Desde o início do novo milénio, o protagonismo da electrónica foi
ganhando outros contornos com Daft Punk, St. Germain ou Cassius. Ao
introduzirem pedaços de funk e o som de sintetizadores analógicos na sua
receita electrónica, os três artistas franceses estariam a moldar os
standards do house posterior, tornando-o cada vez mais mainstream. A
primeira conquista de um hit no Reino Unido por um DJ português, Rui da
Silva, é um exemplo claro da plenitude do house.

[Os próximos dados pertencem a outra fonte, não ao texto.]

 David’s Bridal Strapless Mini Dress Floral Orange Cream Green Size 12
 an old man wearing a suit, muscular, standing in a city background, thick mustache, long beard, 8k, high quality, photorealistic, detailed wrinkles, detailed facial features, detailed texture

Corria o ano de 2001
quando «Touch Me» - e ainda sem ajuda de uma internet fogosa – rodava
exaustivamente nas rádios e o seu respectivo video era emitido numa base
diária no canal VH1. Nos dias de hoje, há supergrupos a fazer
digressões por causa da house music, como é o caso de Swedish House
Mafia, composto por Axwell, Steve Angello e Sebastian Ingrosso.
Para Brend, a mudança no consumo de música é uma questão de hábito:
"Tornamo-nos aclimatizados gradualmente a novos sons. Em 1976, a
destilação do rock and roll dos Ramones era demasiado para muitos". Mas
"as coisas mudaram. Hoje em dia, uma vasta parte da música pop é
electrónica ou parcialmente electrónica. Dificilmente faz sentido falar
em música electrónica como um género, mas antes em muitos tipos de
música que são feitos de forma electrónica".
Se o duo britânico de dança electrónica Tin Tin Out se prestou a
partilhar a versão de 'What I Am' com a ex-spice girl, Emma Button, em
1999, dos originais Edie Brickell & New Bohemians; se no ano
passado, o primeiro dia do festival Optimus Alive, em Portugal, fechou
com uma actuação do DJ francês Justice no palco principal; e se há um
programa de rádio chamado ‘Club Anthems’ com playlist de sons
"housescos" que pode ser ouvido no Dubai e Abu Dhabi, então a razão está
do lado de Mark Brend.
Este reconhece que a pulsação actual do género era inevitável: "Para aí
nas primeiras seis décadas do século XX, a música electrónica apenas era
definida em termos visionários. Mas agora, décadas depois, a
retrospectiva revela como todas as fases se encaixam. Não se trataram de
eventos bizarros ancorados no tempo, mas sim de um futuro". Os
renascidos vinis, os DJ Shadows - eles próprios samplados - e os
actualizadíssimos Spotify e Soundcloud dão uma ajuda.